You are given an undirected graph. You are given an integer n which is the number of nodes in the graph and an array edges, where each edges[i] = [ui, vi] indicates that there is an undirected edge between ui and vi.
A connected trio is a set of three nodes where there is an edge between every pair of them.
The degree of a connected trio is the number of edges where one endpoint is in the trio, and the other is not.

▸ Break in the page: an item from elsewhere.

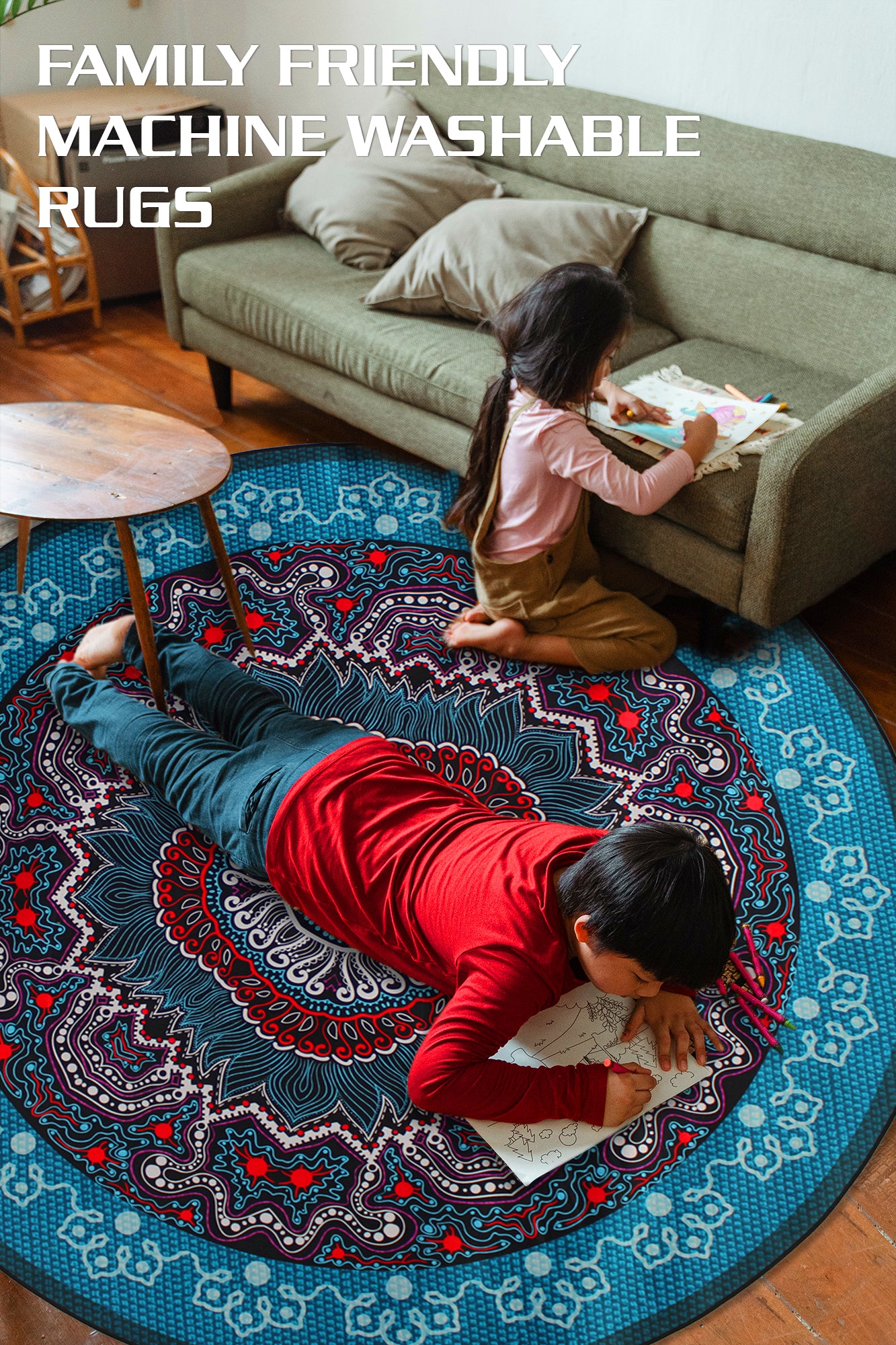 160cm Round LMA Branded 3D Printed Area Rug Lightweight - RM25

Return the minimum degree of a connected trio in the graph, or-1if the graph has no connected trios.
Example 1:
Input: n = 6, edges = [[1,2],[1,3],[3,2],[4,1],[5,2],[3,6]]
Output: 3
Explanation: There is exactly one trio, which is [1,2,3]. The edges that form its degree are bolded in the figure above.
Example 2:
Input: n = 7, edges = [[1,3],[4,1],[4,3],[2,5],[5,6],[6,7],[7,5],[2,6]]
Output: 0
Explanation: There are exactly three trios:
1) [1,4,3] with degree 0.
2) [2,5,6] with degree 2.
3) [5,6,7] with degree 2.
Constraints:
2 <= n <= 400
edges[i].length == 2
1 <= edges.length <= n * (n-1) / 2
1 <= ui, vi <= n
ui != vi
There are no repeated edges.
Solutions
Solution 1: Brute Force Enumeration
We first store all edges in the adjacency matrix \(\textit{g}\), and then store the degree of each node in the array \(\textit{deg}\). Initialize the answer \(\textit{ans} = +\infty\).

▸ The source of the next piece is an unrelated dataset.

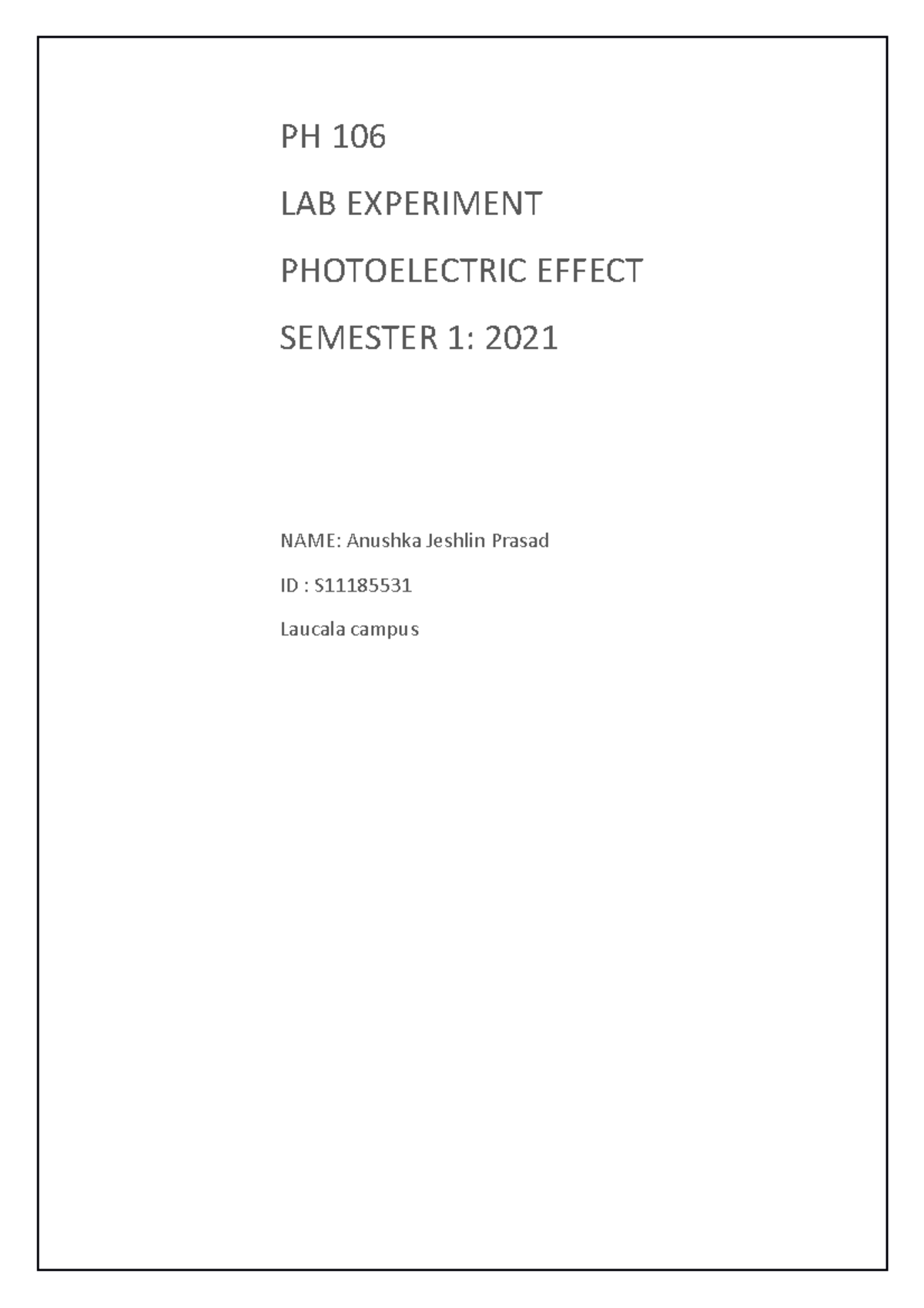 Photoelectric lab - lab - classical physics - USP - Studocu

Then enumerate all triplets \((i, j, k)\), where \(i \lt j \lt k\). If \(\textit{g}[i][j] = \textit{g}[j][k] = \textit{g}[i][k] = 1\), it means these three nodes form a connected trio. In this case, update the answer to \(\textit{ans} = \min(\textit{ans}, \textit{deg}[i] + \textit{deg}[j] + \textit{deg}[k] - 6)\).
After enumerating all triplets, if the answer is still \(+\infty\), it means there is no connected trio in the graph, return \(-1\). Otherwise, return the answer.
The time complexity is \(O(n^3)\), and the space complexity is \(O(n^2)\). Here, \(n\) is the number of nodes.